CODEWITHSUNDEEP
javascriptjquerycss
Dryadwoods
Dryadwoods

Reputation: 2929

efficient way to look for all css uses of a color

What is the most efficient way to look for all uses of a css color in the "current page" ? For me a use of a color appear as color-background, font color, border color. In table TDs, Divs, Span, paragraph (P), etc....

I think to do a similar "loop" to this one is overkill for a full page, and this one is just searching a specific HTML tag (DIV) and verifying only the "color", not the other properties....

$("div").each(function () {
    var color = $(this).css("color");
    if (color == "#F1F2F3") {
        console.log('found it!');
    }
});

Isn't there a easiest way to simple say: "replace all HEX color #XXXXXX value for #YYYYYY ?????

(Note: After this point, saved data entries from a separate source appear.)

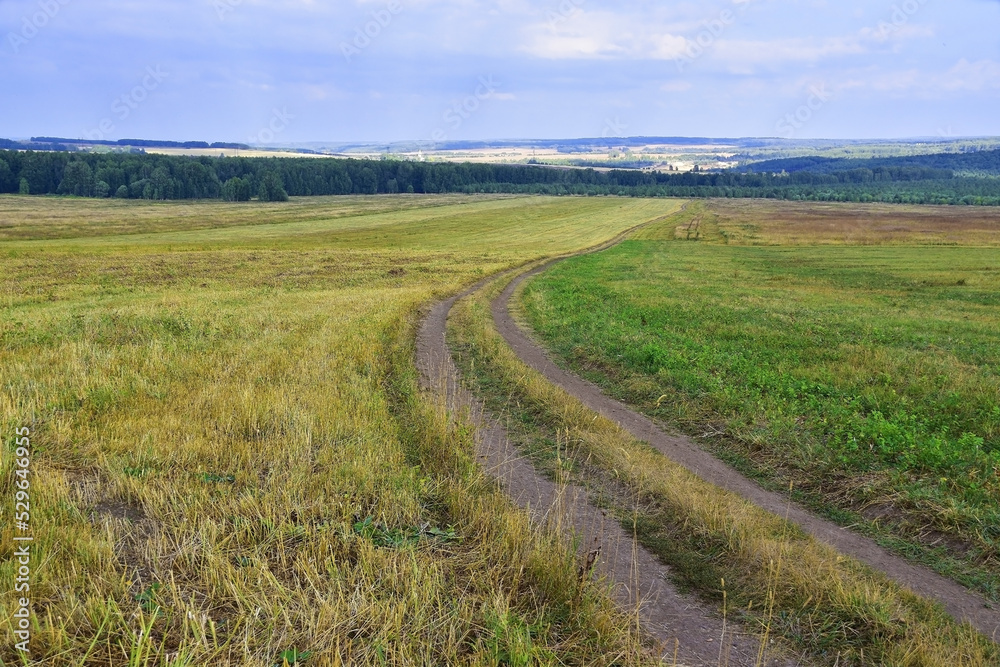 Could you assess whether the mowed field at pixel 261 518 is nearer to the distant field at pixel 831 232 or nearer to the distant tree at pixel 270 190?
the distant field at pixel 831 232

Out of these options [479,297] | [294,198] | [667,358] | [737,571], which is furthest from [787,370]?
[294,198]

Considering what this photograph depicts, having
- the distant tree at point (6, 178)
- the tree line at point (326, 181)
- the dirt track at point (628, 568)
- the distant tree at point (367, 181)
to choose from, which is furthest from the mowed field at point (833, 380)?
the distant tree at point (6, 178)

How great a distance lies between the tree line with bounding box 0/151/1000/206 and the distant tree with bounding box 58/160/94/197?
0.58ft

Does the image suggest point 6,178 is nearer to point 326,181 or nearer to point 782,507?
point 326,181

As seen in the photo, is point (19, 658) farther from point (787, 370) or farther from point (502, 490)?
point (787, 370)

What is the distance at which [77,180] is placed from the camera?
12775cm

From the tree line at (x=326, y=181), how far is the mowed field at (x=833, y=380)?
401 feet

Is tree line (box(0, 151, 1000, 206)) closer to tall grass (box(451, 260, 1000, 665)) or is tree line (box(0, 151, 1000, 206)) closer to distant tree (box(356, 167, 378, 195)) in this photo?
distant tree (box(356, 167, 378, 195))

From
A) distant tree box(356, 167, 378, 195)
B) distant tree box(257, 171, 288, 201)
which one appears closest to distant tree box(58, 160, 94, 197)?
distant tree box(257, 171, 288, 201)

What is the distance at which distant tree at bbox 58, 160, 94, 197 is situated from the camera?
5002 inches

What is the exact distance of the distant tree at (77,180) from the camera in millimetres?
127062

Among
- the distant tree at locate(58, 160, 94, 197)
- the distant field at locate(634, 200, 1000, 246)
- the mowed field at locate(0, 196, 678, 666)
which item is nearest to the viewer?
the mowed field at locate(0, 196, 678, 666)

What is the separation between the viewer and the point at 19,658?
4.06m

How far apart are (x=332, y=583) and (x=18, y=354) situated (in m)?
11.6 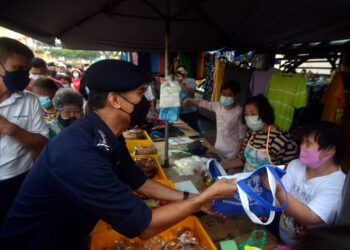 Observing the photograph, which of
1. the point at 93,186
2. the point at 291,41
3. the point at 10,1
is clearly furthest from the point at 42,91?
the point at 291,41

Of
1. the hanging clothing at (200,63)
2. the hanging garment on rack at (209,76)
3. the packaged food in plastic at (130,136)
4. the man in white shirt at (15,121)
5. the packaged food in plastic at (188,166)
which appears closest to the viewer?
the man in white shirt at (15,121)

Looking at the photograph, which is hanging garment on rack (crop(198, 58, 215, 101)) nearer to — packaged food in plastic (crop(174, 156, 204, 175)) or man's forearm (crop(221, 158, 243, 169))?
man's forearm (crop(221, 158, 243, 169))

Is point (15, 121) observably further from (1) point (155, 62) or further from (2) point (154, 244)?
(1) point (155, 62)

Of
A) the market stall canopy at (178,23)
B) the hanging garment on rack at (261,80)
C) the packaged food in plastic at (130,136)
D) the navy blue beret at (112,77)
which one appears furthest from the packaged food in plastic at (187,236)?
the hanging garment on rack at (261,80)

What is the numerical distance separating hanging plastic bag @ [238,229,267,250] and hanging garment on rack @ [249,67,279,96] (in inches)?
131

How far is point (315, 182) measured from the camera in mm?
1588

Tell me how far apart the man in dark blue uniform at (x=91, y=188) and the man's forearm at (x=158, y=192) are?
449 millimetres

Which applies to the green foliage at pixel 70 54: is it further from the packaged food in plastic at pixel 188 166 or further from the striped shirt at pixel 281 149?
the striped shirt at pixel 281 149

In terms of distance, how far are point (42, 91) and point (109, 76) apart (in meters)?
2.97

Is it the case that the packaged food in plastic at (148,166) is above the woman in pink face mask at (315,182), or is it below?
below

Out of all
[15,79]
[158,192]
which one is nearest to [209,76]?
[158,192]

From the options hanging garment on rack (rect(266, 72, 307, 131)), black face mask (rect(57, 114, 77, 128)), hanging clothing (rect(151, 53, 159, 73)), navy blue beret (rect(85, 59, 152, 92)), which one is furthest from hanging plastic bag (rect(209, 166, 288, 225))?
hanging clothing (rect(151, 53, 159, 73))

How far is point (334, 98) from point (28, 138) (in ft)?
15.6

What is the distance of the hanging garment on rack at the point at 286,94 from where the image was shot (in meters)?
3.50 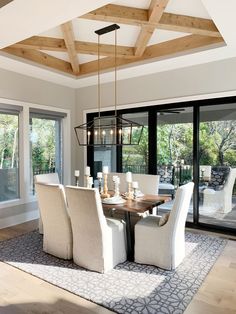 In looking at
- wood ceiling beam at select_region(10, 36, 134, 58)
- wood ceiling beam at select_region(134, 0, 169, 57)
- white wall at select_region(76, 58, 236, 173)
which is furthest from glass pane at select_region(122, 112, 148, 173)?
wood ceiling beam at select_region(134, 0, 169, 57)

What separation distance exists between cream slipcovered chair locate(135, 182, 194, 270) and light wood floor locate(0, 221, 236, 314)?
446 mm

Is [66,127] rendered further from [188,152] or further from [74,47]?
[188,152]

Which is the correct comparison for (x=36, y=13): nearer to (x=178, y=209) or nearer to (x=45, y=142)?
(x=178, y=209)

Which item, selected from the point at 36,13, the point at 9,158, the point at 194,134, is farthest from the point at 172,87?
the point at 9,158

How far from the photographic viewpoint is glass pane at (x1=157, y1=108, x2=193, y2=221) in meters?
4.64

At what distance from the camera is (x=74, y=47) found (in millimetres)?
4195

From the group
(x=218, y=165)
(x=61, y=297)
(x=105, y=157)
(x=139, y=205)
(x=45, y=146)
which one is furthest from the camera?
(x=105, y=157)

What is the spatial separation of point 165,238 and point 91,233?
2.85 feet

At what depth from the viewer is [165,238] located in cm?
296

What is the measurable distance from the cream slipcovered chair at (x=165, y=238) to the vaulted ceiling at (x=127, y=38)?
214 cm

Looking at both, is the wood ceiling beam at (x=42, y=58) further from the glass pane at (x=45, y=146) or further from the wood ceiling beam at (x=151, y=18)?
the wood ceiling beam at (x=151, y=18)

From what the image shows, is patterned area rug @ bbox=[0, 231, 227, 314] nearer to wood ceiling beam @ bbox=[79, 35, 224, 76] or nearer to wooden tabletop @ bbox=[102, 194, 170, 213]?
wooden tabletop @ bbox=[102, 194, 170, 213]

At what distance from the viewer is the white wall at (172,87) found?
421 cm

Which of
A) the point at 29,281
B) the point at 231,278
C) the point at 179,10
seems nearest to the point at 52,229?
the point at 29,281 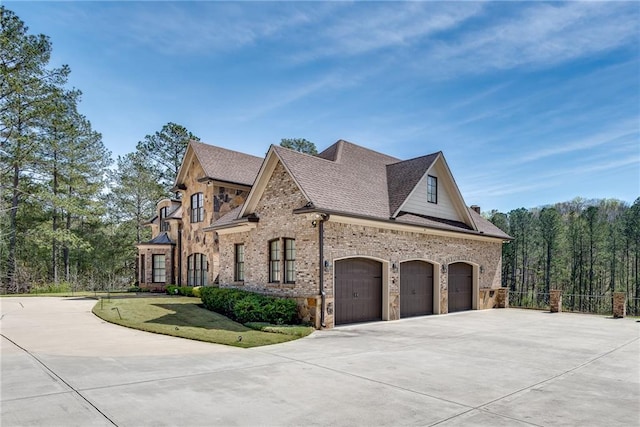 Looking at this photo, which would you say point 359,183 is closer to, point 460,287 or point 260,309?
point 260,309

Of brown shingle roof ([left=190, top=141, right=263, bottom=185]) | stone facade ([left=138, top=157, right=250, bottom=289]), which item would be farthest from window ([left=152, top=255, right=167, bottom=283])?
brown shingle roof ([left=190, top=141, right=263, bottom=185])

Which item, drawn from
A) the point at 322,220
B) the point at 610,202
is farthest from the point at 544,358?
the point at 610,202

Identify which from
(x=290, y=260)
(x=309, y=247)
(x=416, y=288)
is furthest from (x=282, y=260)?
(x=416, y=288)

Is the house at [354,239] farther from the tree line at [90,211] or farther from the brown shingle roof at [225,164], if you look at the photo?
the tree line at [90,211]

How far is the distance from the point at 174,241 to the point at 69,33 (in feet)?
51.3

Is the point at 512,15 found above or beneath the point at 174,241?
above

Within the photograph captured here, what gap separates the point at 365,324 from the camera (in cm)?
1513

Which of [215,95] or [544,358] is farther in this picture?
[215,95]

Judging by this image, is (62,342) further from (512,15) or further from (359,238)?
(512,15)

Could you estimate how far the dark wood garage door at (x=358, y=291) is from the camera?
14852 millimetres

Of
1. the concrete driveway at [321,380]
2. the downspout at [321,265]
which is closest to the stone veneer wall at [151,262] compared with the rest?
the concrete driveway at [321,380]

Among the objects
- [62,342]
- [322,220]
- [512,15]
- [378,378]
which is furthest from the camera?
[322,220]

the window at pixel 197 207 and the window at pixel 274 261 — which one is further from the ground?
the window at pixel 197 207

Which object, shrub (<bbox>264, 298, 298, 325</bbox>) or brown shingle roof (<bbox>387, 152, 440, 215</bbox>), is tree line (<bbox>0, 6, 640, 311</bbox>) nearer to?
brown shingle roof (<bbox>387, 152, 440, 215</bbox>) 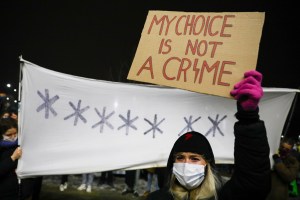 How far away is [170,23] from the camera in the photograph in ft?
9.12

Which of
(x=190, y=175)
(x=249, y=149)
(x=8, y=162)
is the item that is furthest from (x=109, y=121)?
(x=249, y=149)

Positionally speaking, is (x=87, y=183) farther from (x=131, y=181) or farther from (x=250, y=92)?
(x=250, y=92)

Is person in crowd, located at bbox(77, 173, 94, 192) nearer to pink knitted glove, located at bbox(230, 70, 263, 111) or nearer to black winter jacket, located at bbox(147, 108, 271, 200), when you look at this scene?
black winter jacket, located at bbox(147, 108, 271, 200)

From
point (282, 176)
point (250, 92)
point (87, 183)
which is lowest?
point (87, 183)

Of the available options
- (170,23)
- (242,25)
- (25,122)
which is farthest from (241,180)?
(25,122)

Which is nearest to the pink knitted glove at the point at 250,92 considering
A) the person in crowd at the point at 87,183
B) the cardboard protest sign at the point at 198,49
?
the cardboard protest sign at the point at 198,49

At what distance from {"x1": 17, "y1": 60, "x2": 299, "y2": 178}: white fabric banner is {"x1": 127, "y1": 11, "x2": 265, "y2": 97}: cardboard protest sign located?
196cm

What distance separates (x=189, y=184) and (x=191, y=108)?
2.42 metres

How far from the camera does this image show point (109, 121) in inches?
181

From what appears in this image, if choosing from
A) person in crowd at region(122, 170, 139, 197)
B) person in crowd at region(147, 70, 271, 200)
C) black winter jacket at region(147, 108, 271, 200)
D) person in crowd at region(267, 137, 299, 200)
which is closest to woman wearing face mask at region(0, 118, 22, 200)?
person in crowd at region(147, 70, 271, 200)

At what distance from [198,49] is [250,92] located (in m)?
0.96

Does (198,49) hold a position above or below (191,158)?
above

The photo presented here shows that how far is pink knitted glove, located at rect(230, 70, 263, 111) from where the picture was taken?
1741 millimetres

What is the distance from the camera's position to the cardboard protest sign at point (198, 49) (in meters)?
2.32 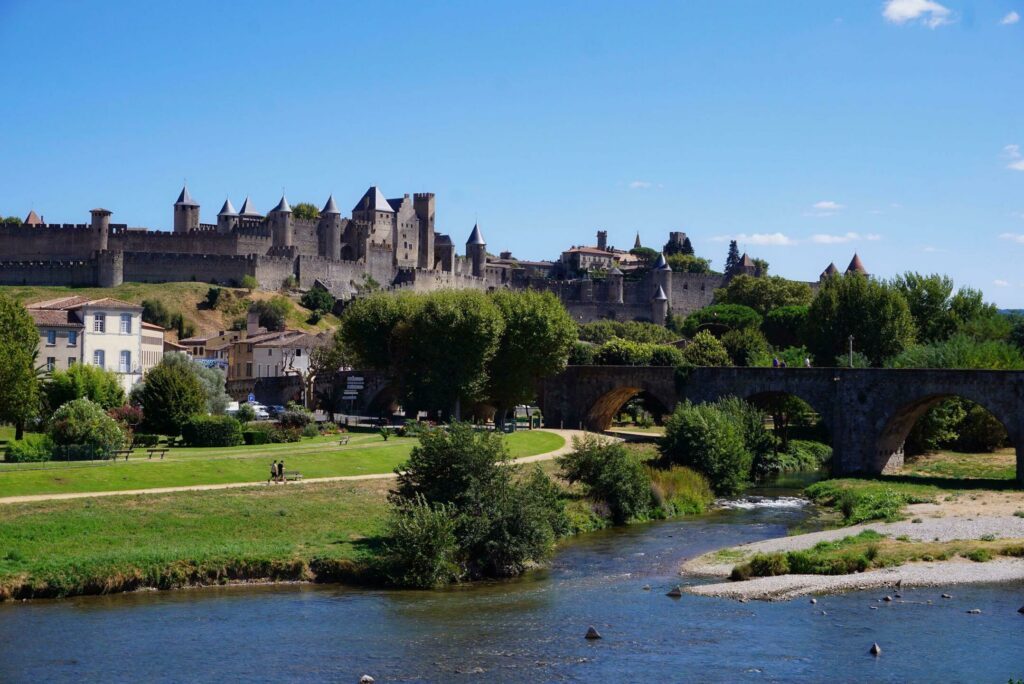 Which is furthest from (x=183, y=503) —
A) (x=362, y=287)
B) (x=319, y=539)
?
(x=362, y=287)

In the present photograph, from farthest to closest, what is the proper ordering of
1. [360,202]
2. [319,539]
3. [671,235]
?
1. [671,235]
2. [360,202]
3. [319,539]

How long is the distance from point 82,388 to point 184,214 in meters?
78.7

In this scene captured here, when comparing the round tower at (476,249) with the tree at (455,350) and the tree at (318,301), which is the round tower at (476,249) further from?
the tree at (455,350)

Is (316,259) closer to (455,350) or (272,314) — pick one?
(272,314)

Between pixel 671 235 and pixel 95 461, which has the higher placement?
pixel 671 235

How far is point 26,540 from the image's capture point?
29641 mm

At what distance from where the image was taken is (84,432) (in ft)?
132

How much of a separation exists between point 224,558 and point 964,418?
38.2 meters

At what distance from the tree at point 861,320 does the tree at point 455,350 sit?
85.0ft

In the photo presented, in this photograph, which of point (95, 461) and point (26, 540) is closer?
point (26, 540)

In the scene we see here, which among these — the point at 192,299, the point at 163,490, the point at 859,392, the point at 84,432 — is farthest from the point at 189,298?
the point at 163,490

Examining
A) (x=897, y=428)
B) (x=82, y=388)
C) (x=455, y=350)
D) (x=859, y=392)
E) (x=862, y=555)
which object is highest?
(x=455, y=350)

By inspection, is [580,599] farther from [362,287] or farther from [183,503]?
[362,287]

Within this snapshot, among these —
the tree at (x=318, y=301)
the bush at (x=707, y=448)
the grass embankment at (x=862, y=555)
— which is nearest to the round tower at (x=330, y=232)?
the tree at (x=318, y=301) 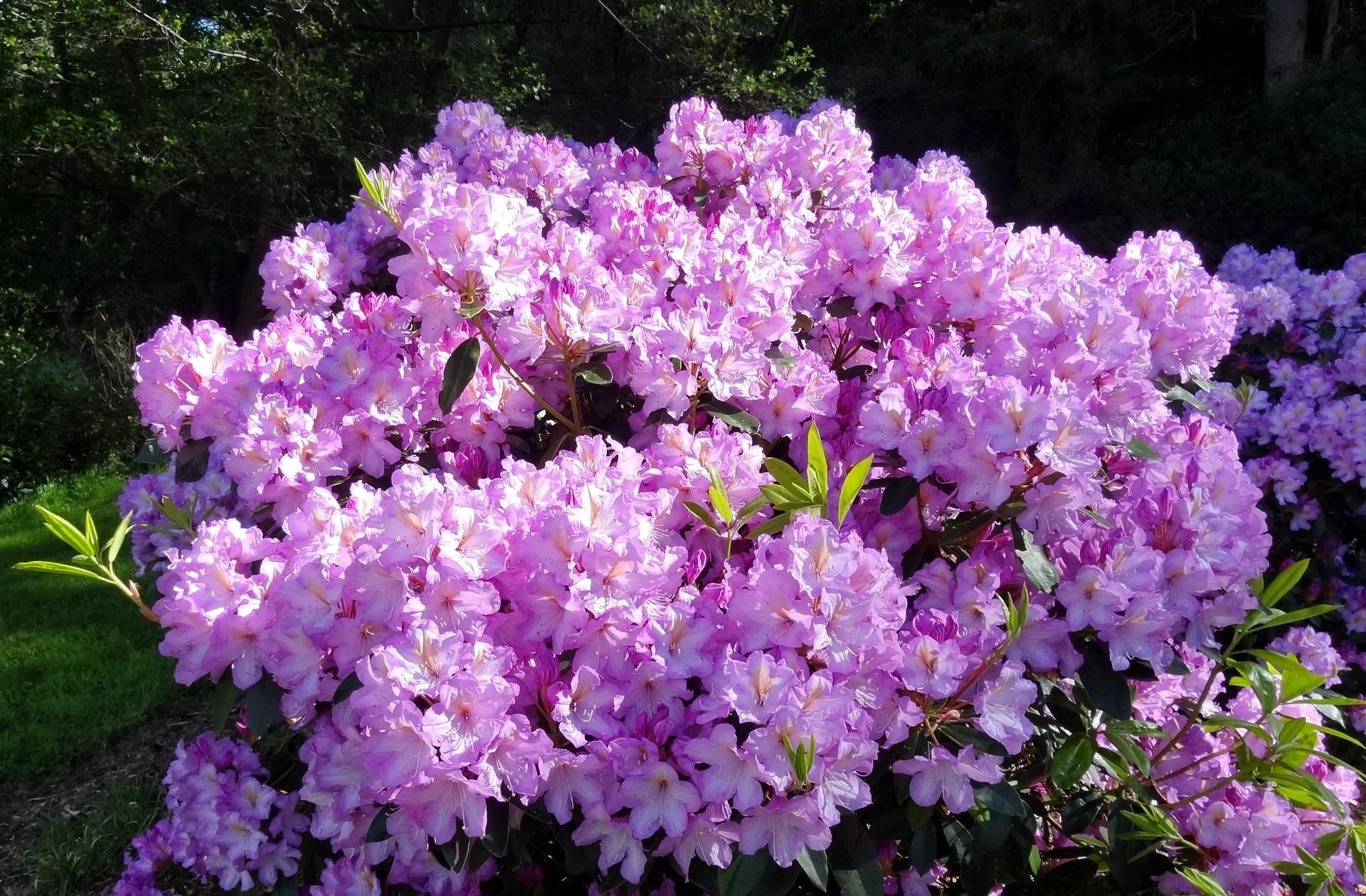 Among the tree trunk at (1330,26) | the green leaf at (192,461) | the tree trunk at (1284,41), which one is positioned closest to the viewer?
the green leaf at (192,461)

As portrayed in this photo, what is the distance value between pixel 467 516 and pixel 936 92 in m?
9.85

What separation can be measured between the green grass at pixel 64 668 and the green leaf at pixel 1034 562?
3.49m

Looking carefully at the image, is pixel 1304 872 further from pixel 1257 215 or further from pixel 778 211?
pixel 1257 215

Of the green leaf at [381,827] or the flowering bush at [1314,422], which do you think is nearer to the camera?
the green leaf at [381,827]

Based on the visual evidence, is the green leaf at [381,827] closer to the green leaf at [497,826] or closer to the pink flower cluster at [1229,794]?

In css I might even represent the color in different ways (at least 5 ways):

    background-color: #000000;
    color: #000;
    border: 1px solid rgb(0,0,0);
    border-bottom-color: rgb(0%,0%,0%);
    outline-color: black;

Update 1

I took Garath sugestion and I worked a little on it (all selector with exclusion, etc), but I am still not so happy about it..... I am still trying to identify all different properties where the color might exist, and I am not even paying attention to the way the browser will return me the color.....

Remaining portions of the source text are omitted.